The lethal crackdown came on Armed Forces Day. Senior General Min Aung Hlaing, the junta leader, said during a parade in the capital Naypyitaw to mark the event that the military would protect the people and strive for democracy.
State television had said on Friday that protesters risked being shot “in the head and back”. Despite this, demonstrators against came out on the streets of Yangon, Mandalay and other towns.
“Today is a day of shame for the armed forces,” Dr Sasa, a spokesman for CRPH, an anti-junta group set up by deposed lawmakers, told an online forum.
The deaths on Saturday, one of the bloodiest days since the coup, would take the number of civilians reported killed to well over 400. Tens of thousands of people demonstrated in parts of Myanmar on Saturday.
A boy reported by local media to be as young as five was among at least 13 people killed in Myanmar’s second city of Mandalay. The Myanmar Now news portal said 91 people had been killed in total across the country by 2:30pm.
Three people, including a man who plays in a local under-21 football team, were killed in a protest in the Insein district of Myanmar’s biggest city Yangon, a neighbour told Reuters.

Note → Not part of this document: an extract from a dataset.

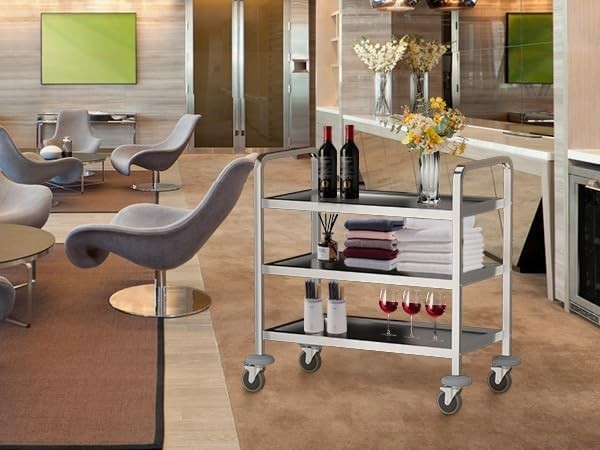 3 Tier Stainless Steel Catering Trolley w/ Locking Wheels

“They are killing us like birds or chickens, even in our homes,” said Thu Ya Zaw in the central town of Myingyan, where at least two protesters were killed. “We will keep protesting regardless … We must fight until the junta falls.”
Deaths were reported from the central Sagaing region, Lashio in the east, in the Bago region, near Yangon, and elsewhere. A one-year-old baby was hit in the eye with a rubber bullet.
Meanwhile, one of Myanmar’s two dozen ethnic armed groups, the Karen National Union, said it had overrun an army post near the Thai border, killing 10 people — including a lieutenant colonel — and losing one of its own fighters.
Myanmar’s ethnic armed factions will not stand by and allow more killings, the leader of one of the main armed groups said on Saturday.
A military spokesman did not respond to calls seeking comment on the killings by security forces or the insurgent attack on its post.
After presiding over a military parade in the capital Naypyitaw to mark Armed Forces Day, Senior General Hlaing reiterated a promise to hold elections after overthrowing elected leader Aung San Suu Kyi, without giving any time-frame.
“The army seeks to join hands with the entire nation to safeguard democracy,” the general said in a live broadcast on state television, adding that authorities also sought to protect the people and restore peace across the country.“Violent acts that affect stability and security in order to make demands are inappropriate.”